Ok I did my brakes a few days ago. I replace the *rotor* & *pads*
*$18 Advance Rotor
$50 napa pads *
I removed _Torque member_ to clean it and paint
But the driver side _Main pin_ is rusty and don't move at all ( hammer it move lil)
Now i feel that on the brake i if pressed hard the wheels never lock up like before
The Fluid is on max and i still feel like i have not pumped the brakes all the way. 
So i guess it may be the torque member seeing the main pin don't move, and the brake smoke before only one side the drives (smelled Funny). Remove tomorrow to see more detail
:cheers: :loser:


----------



## 95 SentraB13 (Jun 14, 2002)

I'm going to take a guess here and assume by 'Main Pin' you mean the caliper piston in the middle that squeezes the pads?

If the piston or the 2 slide pins that mount between the caliper and the torque member are seized up you should replace the caliper - if not you'll tear up your new rotors and pads. Been there, done that - don't waste your time trying to clean them up like I did regreasing all the old parts, you'll just spend the same amount replacing everything again in 3 months, especially the $50 pads!


----------



## NazDebo (May 1, 2006)

u trying to get that new car brakes feeling?


----------



## 2Muchy (Dec 1, 2005)

No it's just that the brakes don't feel as good as they did before.

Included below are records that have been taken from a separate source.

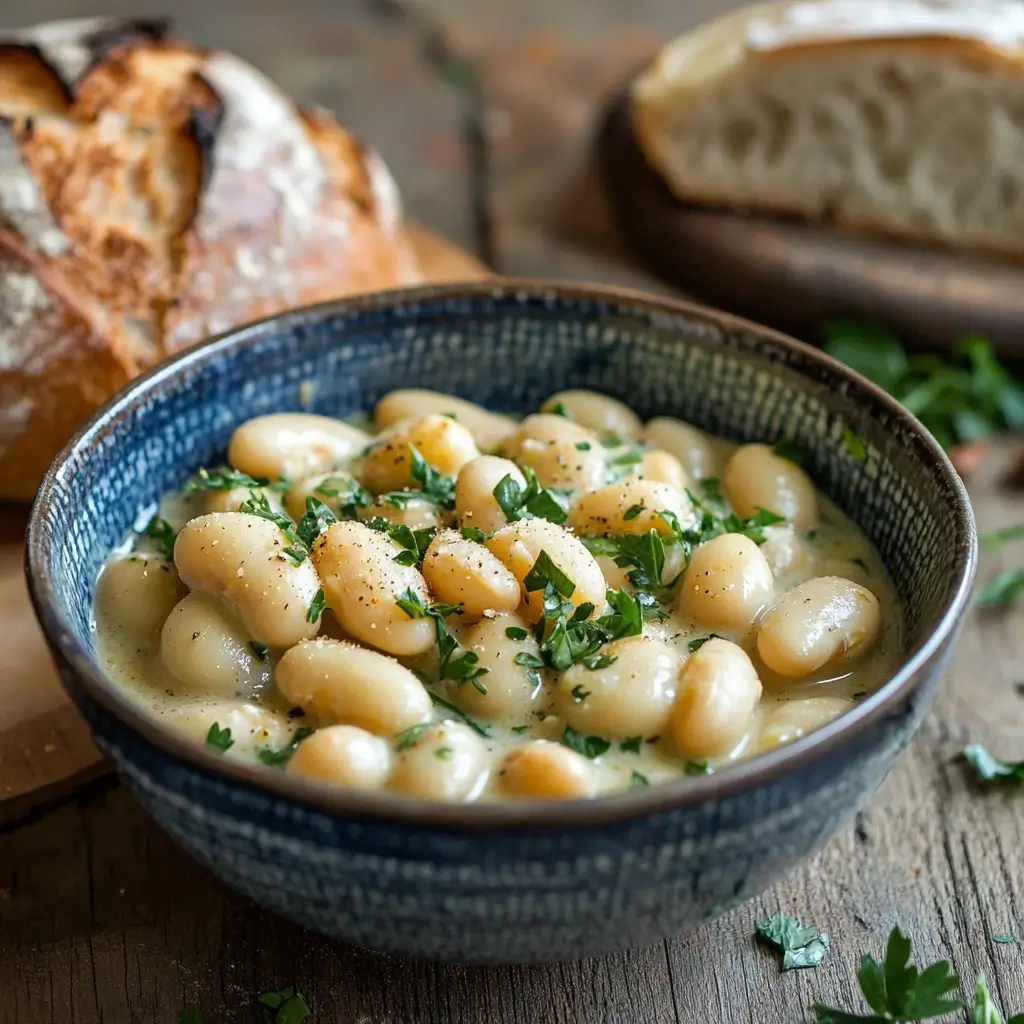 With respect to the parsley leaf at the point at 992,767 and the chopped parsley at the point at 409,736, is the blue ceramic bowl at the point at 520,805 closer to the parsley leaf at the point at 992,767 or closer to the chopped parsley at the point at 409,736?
the chopped parsley at the point at 409,736

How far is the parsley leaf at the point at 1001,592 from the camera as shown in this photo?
2049 millimetres

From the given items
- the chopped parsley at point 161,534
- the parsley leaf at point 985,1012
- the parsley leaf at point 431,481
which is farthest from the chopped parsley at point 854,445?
the chopped parsley at point 161,534

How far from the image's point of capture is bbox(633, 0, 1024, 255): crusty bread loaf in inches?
101

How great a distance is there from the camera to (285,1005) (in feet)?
4.57

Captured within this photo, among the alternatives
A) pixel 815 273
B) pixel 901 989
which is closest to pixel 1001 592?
pixel 815 273

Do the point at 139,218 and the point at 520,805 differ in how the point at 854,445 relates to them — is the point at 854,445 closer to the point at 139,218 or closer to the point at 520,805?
the point at 520,805

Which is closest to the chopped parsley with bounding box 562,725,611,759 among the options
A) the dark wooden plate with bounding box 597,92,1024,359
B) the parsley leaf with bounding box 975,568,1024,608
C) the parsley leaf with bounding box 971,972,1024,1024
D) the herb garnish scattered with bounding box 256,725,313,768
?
the herb garnish scattered with bounding box 256,725,313,768

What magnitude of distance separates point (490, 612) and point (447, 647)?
0.19 ft

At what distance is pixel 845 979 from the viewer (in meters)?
1.44

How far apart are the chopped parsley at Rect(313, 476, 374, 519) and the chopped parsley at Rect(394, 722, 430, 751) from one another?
367mm

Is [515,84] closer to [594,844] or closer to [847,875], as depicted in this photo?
[847,875]

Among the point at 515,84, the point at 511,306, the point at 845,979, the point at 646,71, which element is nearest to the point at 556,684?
the point at 845,979

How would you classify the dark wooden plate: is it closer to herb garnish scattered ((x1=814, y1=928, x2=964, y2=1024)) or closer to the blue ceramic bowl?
the blue ceramic bowl

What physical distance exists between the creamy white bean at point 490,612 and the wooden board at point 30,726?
9.3 inches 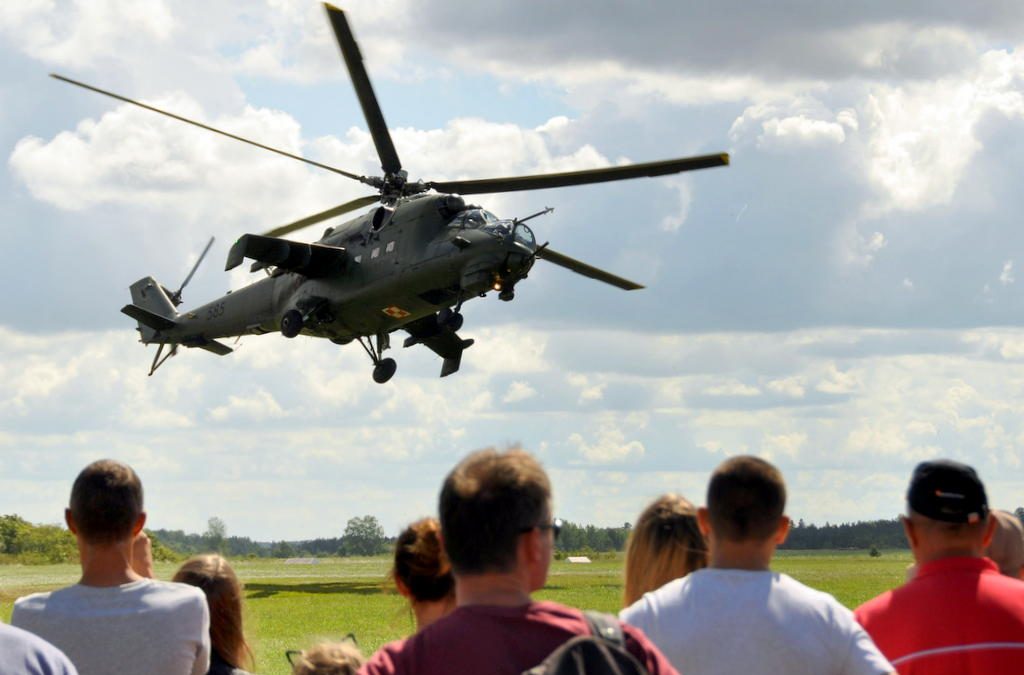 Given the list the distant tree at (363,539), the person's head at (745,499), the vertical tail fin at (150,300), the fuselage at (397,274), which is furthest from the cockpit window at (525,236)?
the distant tree at (363,539)

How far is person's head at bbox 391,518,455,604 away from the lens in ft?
19.1

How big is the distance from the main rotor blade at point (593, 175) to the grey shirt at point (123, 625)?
16460 mm

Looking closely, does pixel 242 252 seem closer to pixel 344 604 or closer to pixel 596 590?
pixel 344 604

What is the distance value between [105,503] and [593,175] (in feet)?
59.3

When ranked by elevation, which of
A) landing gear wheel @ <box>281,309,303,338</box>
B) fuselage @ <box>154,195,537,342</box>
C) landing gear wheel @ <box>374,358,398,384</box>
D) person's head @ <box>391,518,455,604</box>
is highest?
fuselage @ <box>154,195,537,342</box>

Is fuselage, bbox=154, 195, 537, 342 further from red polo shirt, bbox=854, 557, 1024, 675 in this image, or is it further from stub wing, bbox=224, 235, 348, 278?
red polo shirt, bbox=854, 557, 1024, 675

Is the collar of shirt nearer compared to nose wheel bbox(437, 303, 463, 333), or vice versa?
the collar of shirt

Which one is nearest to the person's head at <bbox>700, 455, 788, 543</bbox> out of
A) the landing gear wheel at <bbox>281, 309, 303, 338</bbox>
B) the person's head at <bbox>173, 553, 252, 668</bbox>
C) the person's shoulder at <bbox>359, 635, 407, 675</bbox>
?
the person's shoulder at <bbox>359, 635, 407, 675</bbox>

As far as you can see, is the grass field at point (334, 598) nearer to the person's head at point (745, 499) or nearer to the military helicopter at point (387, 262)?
the military helicopter at point (387, 262)

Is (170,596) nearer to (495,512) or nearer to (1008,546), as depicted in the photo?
(495,512)

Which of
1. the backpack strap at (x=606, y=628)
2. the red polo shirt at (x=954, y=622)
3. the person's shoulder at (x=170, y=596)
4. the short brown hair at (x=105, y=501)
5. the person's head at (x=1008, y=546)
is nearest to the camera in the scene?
the backpack strap at (x=606, y=628)

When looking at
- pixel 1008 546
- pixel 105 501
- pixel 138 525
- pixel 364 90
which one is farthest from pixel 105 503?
pixel 364 90

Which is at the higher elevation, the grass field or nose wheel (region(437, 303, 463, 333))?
nose wheel (region(437, 303, 463, 333))

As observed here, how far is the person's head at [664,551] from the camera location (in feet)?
21.3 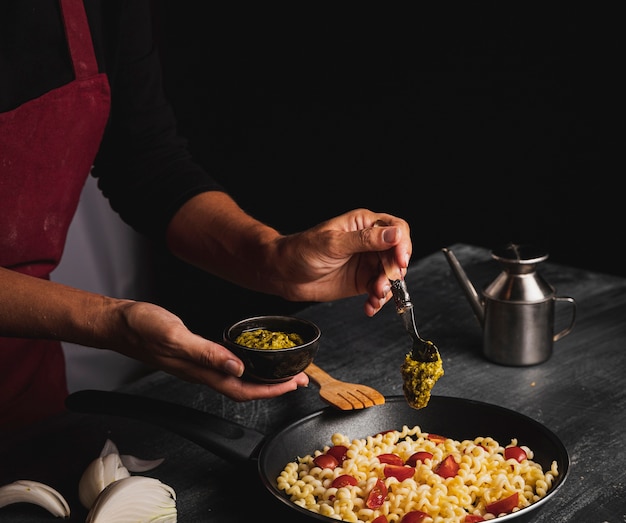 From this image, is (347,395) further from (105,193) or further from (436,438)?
(105,193)

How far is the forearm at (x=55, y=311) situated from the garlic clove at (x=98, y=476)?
0.63 feet

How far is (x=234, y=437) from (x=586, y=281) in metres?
1.34

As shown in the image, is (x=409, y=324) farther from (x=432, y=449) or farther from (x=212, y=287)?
(x=212, y=287)

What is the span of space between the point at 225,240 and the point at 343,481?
716 millimetres

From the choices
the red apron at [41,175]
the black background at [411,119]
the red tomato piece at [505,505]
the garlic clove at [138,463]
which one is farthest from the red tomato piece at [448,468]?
the black background at [411,119]

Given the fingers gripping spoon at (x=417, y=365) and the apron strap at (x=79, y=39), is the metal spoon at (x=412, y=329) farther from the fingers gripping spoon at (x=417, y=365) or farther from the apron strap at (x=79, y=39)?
the apron strap at (x=79, y=39)

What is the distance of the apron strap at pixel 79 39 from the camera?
1.79 metres

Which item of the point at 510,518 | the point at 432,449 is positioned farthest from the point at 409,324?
the point at 510,518

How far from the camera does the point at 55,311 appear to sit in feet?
4.53

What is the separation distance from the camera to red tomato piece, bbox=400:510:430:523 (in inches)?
47.0

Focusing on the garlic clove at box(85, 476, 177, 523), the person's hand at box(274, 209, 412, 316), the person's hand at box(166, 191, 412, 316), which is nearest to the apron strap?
the person's hand at box(166, 191, 412, 316)

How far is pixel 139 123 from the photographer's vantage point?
1.98 m

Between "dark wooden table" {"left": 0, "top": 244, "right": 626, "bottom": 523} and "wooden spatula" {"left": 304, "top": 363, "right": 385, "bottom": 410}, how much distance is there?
0.41 ft

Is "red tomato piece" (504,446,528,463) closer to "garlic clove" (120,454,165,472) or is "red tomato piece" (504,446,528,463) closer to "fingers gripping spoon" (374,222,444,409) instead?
"fingers gripping spoon" (374,222,444,409) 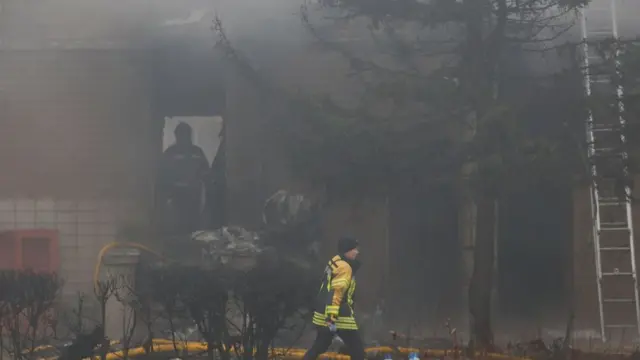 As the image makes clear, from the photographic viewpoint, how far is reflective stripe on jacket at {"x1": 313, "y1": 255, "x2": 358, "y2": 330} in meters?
6.67

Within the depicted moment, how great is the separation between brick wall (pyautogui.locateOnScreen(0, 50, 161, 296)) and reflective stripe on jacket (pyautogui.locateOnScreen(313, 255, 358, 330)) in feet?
14.3

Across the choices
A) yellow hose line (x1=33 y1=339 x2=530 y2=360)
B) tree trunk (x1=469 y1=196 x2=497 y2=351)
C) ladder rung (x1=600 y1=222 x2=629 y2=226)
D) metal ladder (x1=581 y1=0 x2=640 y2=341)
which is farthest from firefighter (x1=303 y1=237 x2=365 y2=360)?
ladder rung (x1=600 y1=222 x2=629 y2=226)

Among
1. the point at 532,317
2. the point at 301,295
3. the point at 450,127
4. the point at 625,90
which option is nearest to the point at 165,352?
the point at 301,295

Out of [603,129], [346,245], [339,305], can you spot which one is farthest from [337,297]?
[603,129]

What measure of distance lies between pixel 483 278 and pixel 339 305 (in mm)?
2824

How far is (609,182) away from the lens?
332 inches

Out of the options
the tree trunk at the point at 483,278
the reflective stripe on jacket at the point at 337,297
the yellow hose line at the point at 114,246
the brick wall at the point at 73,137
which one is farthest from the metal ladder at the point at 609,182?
the brick wall at the point at 73,137

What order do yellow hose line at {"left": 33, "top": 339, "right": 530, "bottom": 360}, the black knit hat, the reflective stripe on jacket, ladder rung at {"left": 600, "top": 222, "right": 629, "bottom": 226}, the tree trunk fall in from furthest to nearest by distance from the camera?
ladder rung at {"left": 600, "top": 222, "right": 629, "bottom": 226} < the tree trunk < yellow hose line at {"left": 33, "top": 339, "right": 530, "bottom": 360} < the black knit hat < the reflective stripe on jacket

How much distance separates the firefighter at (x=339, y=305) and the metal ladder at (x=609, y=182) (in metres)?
2.68

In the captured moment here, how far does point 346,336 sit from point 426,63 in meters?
4.17

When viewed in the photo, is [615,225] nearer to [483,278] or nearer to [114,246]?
[483,278]

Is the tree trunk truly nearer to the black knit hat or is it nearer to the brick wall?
Answer: the black knit hat

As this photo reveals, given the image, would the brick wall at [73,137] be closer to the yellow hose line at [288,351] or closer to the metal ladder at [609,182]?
the yellow hose line at [288,351]

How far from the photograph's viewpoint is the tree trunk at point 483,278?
888 cm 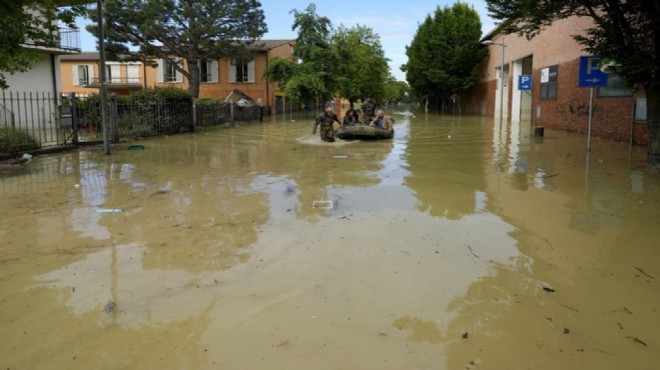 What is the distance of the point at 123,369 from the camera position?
11.4ft

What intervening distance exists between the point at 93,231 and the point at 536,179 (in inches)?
334

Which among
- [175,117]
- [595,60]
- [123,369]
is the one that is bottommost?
[123,369]

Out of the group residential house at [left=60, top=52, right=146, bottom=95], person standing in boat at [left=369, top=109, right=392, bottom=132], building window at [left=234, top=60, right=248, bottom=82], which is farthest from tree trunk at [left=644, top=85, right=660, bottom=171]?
residential house at [left=60, top=52, right=146, bottom=95]

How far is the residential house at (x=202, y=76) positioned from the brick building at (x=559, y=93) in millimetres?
19192

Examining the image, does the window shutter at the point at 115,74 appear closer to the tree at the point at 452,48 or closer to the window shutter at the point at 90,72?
the window shutter at the point at 90,72

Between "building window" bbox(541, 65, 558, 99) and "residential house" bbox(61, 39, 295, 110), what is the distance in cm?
2424

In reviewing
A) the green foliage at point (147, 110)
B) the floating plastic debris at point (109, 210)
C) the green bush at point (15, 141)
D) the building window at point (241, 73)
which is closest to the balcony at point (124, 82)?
the building window at point (241, 73)

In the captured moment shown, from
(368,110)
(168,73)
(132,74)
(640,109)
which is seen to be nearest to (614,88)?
(640,109)

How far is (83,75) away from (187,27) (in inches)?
793

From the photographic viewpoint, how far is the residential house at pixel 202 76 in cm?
4709

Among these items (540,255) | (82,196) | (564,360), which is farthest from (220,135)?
(564,360)

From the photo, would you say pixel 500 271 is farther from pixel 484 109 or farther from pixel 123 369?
pixel 484 109

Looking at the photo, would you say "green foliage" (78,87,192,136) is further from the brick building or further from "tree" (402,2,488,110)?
"tree" (402,2,488,110)

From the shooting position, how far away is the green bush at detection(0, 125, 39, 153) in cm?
1430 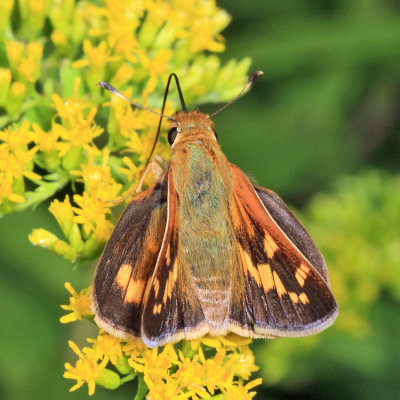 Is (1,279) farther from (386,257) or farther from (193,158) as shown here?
(386,257)

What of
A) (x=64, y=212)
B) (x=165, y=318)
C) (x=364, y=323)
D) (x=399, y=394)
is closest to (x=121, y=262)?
(x=165, y=318)

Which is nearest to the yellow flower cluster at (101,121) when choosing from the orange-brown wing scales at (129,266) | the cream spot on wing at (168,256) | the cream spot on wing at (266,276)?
the orange-brown wing scales at (129,266)

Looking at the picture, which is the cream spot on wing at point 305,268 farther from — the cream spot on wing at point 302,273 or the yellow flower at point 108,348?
the yellow flower at point 108,348

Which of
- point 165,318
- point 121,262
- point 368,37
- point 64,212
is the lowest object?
point 165,318

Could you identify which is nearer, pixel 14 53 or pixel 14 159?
pixel 14 159

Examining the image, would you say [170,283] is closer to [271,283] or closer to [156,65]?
[271,283]

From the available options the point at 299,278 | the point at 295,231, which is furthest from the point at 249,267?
the point at 295,231

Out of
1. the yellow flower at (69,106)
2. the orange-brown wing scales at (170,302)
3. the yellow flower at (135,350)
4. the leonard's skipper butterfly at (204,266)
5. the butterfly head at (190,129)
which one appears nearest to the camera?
the orange-brown wing scales at (170,302) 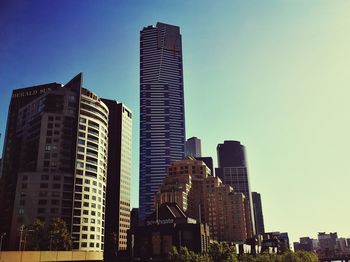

But by Pins i mean the ones that are on the bracket. They have a boot on them, and you can push them in and they come out. 1 of them is rusty so it don't move any more. I think now that is no good cuz the caliper now is not going to press flat on the rotor cuz of the pin. Tried WD-40 Works a lil. (it spins)
How much this weell be New?


----------



## 95 SentraB13 (Jun 14, 2002)

To replace each caliper you're looking at around $30-$40 each with core exchange. The problem with mine when they stopped working is that the pin boots were split open so no matter how well I sanded and cleaned up the pins or how much grease I applied they seized up again. For long term and less hassle I'd just replace the calipers.


----------